Check again to see if we still have missing values:

In [None]:
data.columns[data.isnull().any()].tolist()

All set!

<span style="color:orange">**2.2. Data normalization.**</span>

In [None]:
data.head()

as we can see, the 1st column stores the name of each recipe;  
the column 2 to 6 store the generational info of each recipe;  
and the rest store the ingredients respectively (the value of these columns are eigher 0 or 1, showing whether each ingredient exist in this recipe or not).   

We want to normalize the data in the 2nd to the 6th columns.

In [None]:
data_general_info = data[['rating', 'calories', 'protein', 'fat', 'sodium']]
data_general_info.head()

Construct a method to normalize the data

In [None]:
def normalize(df):
    return (df - df.min()) * 1.0 / (df.max() - df.min())

Call this method to normalze these columns

In [None]:
data_general_info_normalized = data_general_info.apply(normalize)
data_general_info_normalized.head()

<span style="color:orange">**2.3. Data Visualization.**</span>

We can use seaborn (a Python data visualization library based on matplotlib) to visualize the data.

In [None]:
import seaborn as sns
from matplotlib import pyplot as plt

The box plot (a.k.a. box and whisker diagram) is a standardized way of displaying the distribution of data based on the five number summary: minimum, first quartile, median, third quartile, and maximum.

In [None]:
sns.boxplot(data = data_general_info_normalized)
plt.show()

A violin plot is similar to a box plot with a rotated kernel density plot on each side.  
Use Violin Plot to visualise the distribution of the data and its probability density.

In [None]:
sns.violinplot(data=data_general_info_normalized)

plt.show()

<span style="color:red;">Global attribute names:  
    **data** ... full dataset without missing values  
    **data_general_info** ... 2nd to 6th columns without missing values  
    **data_general_info_normalized**  ... normalized 2nd to 6th columns without missing values
</span>  
 

<span style="color:orange;">**2.4 Training and Testing data set generation**</span>  
We decided to implement the training / testing split using K-Fold cross validation.  

In [None]:
# crossValidator.py

import numpy as np
from sklearn.model_selection import StratifiedKFold, KFold, RepeatedStratifiedKFold
#from confidenceInterval import confidenceInterval

# Linear Classifiers
from sklearn.linear_model import LogisticRegression, LinearRegression

# Decision Tree Classifiers
from sklearn.tree import DecisionTreeRegressor
from sklearn.ensemble import RandomForestRegressor
from sklearn.naive_bayes import BernoulliNB

CLASS_LABEL = 'rating'
NUM_CLASSES = 6
NUM_SPLITS = 10

#df = pd.read_csv('Structured Data/epi_r.csv')  # read in entire dataset
#df.fillna(-1, inplace=True)    # replace NaN values with -1
df = data

# split data into attributes and class labels
y = df[CLASS_LABEL]
X = df[[col for col in df.columns if col != CLASS_LABEL]]
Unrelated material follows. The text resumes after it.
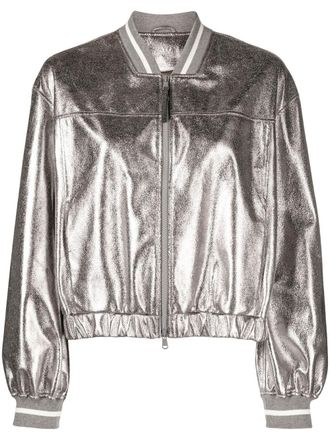 Brunello Cucinelli Bomber metallizzato - Grigio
# convert y to a numpy array
y = np.array(y)
y.reshape((-1,))

# change y from being continuous values between 0-5 to simply being an integer number
# 0, 1, 2, 3, 4, or 5
y = pd.cut(y,NUM_CLASSES, right=False, labels=[i for i in range(NUM_CLASSES)])

# print(y)
# print(X.columns[1])
strat_k_fold = StratifiedKFold(n_splits=NUM_SPLITS)  # parameters n_folds=10, shuffle=False, random_state=None

# Here we want to cast X and y as numpy arrays
X = np.array(X)
y = np.array(y)

# want to find the class that occurs the least often and only take that many instances
# from each class value so that we end up with an even distribution
minimum = np.min([len([val for val in y if val == i]) for i in range(6)])

classes = np.array([],dtype=np.int32).reshape(-1,)
for i in range(NUM_CLASSES):
    classes = np.append(classes,np.array((np.where(y == i)),dtype=np.int32).reshape(-1,)[:minimum])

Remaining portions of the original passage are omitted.